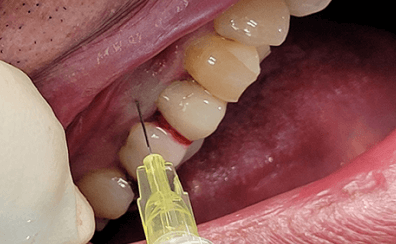 歯周病になっている歯肉に注入し、改善を図っています。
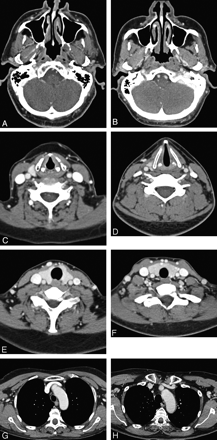 Fig 3.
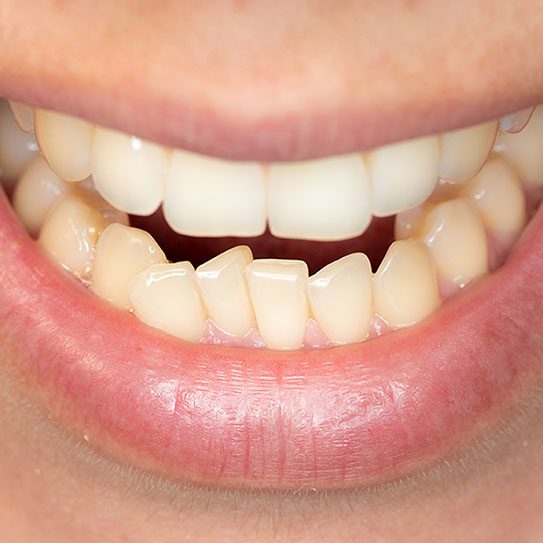 Freels Orthodontics -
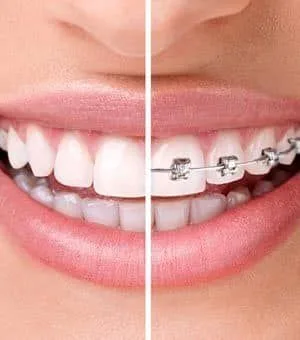 Invisalign o brackets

- _WORK INSTRUCTION_: Output all of the data word for word, excluding any pictures.

- _ANSWER BELOW_:
 歯周病になっている歯肉に注入し、改善を図っています。
 Fig 3.
 Freels Orthodontics -
 Invisalign o brackets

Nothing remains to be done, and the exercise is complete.